The fact that the University is segregating students with gun permits in separate living quarters is no consolation. If anything, it may make matters worse, by concentrating the gun owners — who are more likely to drink unsafely, too — in the same living spaces.

Implementing this policy will be a nightmare and certain to be regularly violated, no matter how well-intentioned campus safety and housing officials are.

Nor am I persuaded that CU’s stated policy of prohibiting students with guns to attend ticketed athletic and cultural events will avoid violent gun-related incidents that will lead to injuries and deaths. Now that the University has sanctioned having guns in campus housing, the entire atmosphere changes.

Even if CU had a sufficient number of well-trained and well-equipped campus police officers, they will not be able to stop every gun-concealing student from entering an athletic event, lecture or concert, much less every classroom.

Press reports indicate that, according to University officials, less than one percent of students at the CU campus at Boulder (which has about 26,000 students) and Colorado Springs (with about 10,000 students) have a concealed-carry permit.

Am I supposed to be relieved that as many as 260 and 100 students will be armed on those respective campuses? How many gun-toting students does it take to create havoc on campus?

I recognize that University officials are implementing this policy reluctantly. The Colorado legislature passed a law that allows those who are 21 or older, and who possess a concealed-carry permit, to carry a gun on campus. The state Board of Regents had voted to ban guns on campus, which the state Supreme Court over-ruled last March.

The real problem is the gun lobby, particularly the National Rifle Association, its right-wing legal allies (such Mountain States Legal Foundation, which argued in court against the original CU ban), Students for Concealed Carry (a gun rights front group) and the Colorado state legislators, who bend to the will of the gun lobby rather than make common sense policy decisions that protect public safety and human lives.

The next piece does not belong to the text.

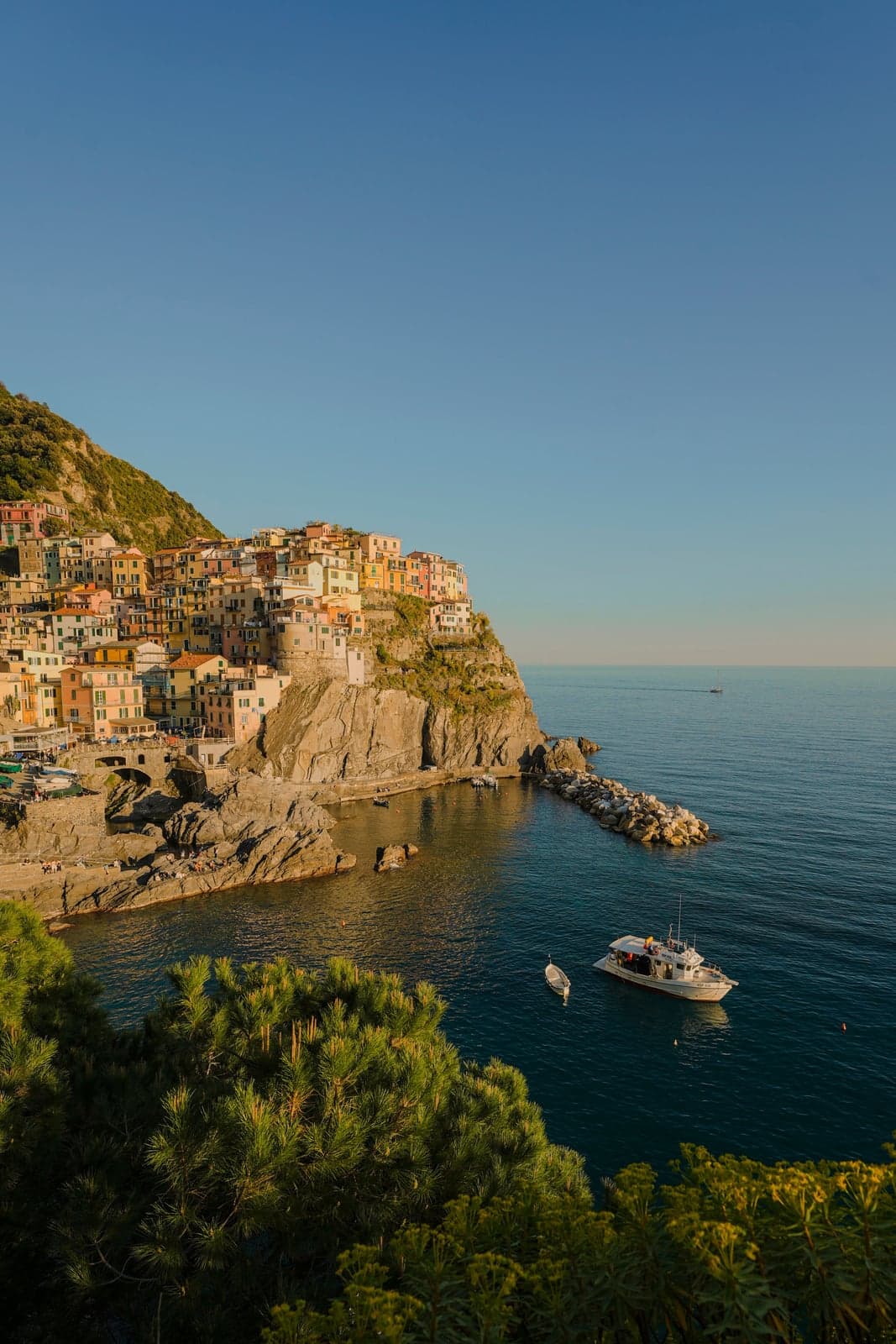 A motorboat and a small dinghy anchored in Manarola's harbor, the village's pastel cliffside houses rising above the water and a stone breakwater curving out into the sea.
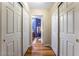 Hallway with linen closets leads to a bathroom, featuring white doors and wood-style floors at 1071 Nordyke Ave, Henderson, NV 89015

After the mass murders by students at Columbine High School in 1999, by a suspected University of Colorado student at an Aurora movie theater last month, and other incidents in between, aren’t Coloradans fed up with gun violence?

If they are not angry enough to push the state legislature to change its concealed weapon law, then perhaps other strategies are needed.

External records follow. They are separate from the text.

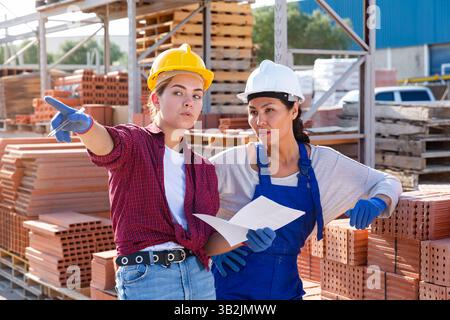 Female workers having conversation in outdoot warehouse Stock Photo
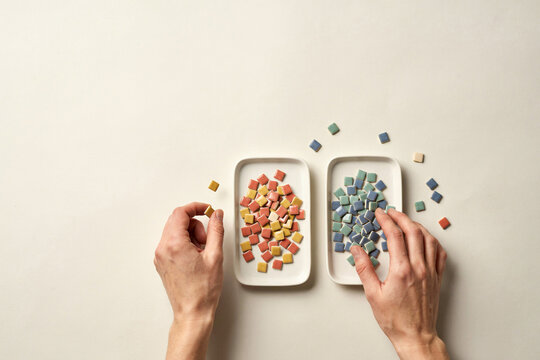 Hands sorting ceramic chips into two trays, seen above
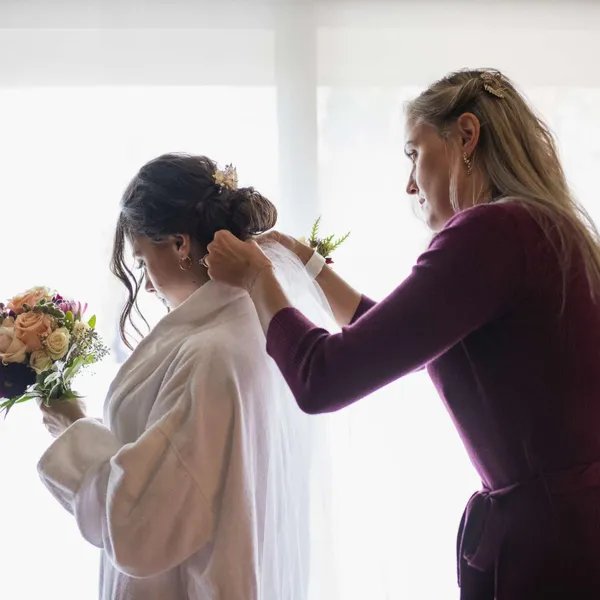   Un accompagnateur personnel lors d'un mariage aide la mariée à ajuster son voile tout en se préparant.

When other states have implemented outrageous policies — around immigration, abortion or flying the Confederate flag — national organizations have sponsored boycotts, cancelled conventions and other meetings, and encouraged Americans to avoid those states when making vacation plans. Perhaps a similar travel boycott of the entire state of Colorado is needed to force the state legislators to come to their senses.

Terry Meng is a nurse practitioner who lives in the Los Angeles area.